Segment Start: Information supplied

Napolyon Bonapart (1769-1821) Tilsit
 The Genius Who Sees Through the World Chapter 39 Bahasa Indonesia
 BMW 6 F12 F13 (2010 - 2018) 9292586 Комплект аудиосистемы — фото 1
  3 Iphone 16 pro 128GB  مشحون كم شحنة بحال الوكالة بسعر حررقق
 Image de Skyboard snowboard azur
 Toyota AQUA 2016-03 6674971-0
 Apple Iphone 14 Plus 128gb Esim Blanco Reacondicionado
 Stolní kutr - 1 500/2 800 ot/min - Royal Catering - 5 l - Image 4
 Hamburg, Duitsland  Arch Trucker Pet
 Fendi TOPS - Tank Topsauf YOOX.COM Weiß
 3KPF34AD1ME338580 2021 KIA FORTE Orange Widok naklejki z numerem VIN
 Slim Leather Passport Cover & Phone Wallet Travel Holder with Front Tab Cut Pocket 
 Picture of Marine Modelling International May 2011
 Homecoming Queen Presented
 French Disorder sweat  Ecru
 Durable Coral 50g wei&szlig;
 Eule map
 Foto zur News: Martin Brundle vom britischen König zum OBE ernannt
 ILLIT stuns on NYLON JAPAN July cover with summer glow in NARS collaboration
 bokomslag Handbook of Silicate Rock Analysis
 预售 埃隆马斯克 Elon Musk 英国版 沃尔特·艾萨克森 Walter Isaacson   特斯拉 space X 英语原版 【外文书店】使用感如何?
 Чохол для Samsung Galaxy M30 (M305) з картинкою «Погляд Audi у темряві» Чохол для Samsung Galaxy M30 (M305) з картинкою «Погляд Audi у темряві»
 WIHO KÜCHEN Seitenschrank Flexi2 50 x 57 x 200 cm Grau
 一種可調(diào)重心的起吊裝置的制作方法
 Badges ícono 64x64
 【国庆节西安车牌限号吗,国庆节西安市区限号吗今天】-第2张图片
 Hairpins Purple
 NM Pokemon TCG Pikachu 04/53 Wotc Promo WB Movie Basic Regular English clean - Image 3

Segment End: Information supplied

Prompt => Beginning with the first line above, could you copy every line exactly, up to and including the one with "Homecoming Queen Presented"?

Result below =>
Napolyon Bonapart (1769-1821) Tilsit
 The Genius Who Sees Through the World Chapter 39 Bahasa Indonesia
 BMW 6 F12 F13 (2010 - 2018) 9292586 Комплект аудиосистемы — фото 1
  3 Iphone 16 pro 128GB  مشحون كم شحنة بحال الوكالة بسعر حررقق
 Image de Skyboard snowboard azur
 Toyota AQUA 2016-03 6674971-0
 Apple Iphone 14 Plus 128gb Esim Blanco Reacondicionado
 Stolní kutr - 1 500/2 800 ot/min - Royal Catering - 5 l - Image 4
 Hamburg, Duitsland  Arch Trucker Pet
 Fendi TOPS - Tank Topsauf YOOX.COM Weiß
 3KPF34AD1ME338580 2021 KIA FORTE Orange Widok naklejki z numerem VIN
 Slim Leather Passport Cover & Phone Wallet Travel Holder with Front Tab Cut Pocket 
 Picture of Marine Modelling International May 2011
 Homecoming Queen Presented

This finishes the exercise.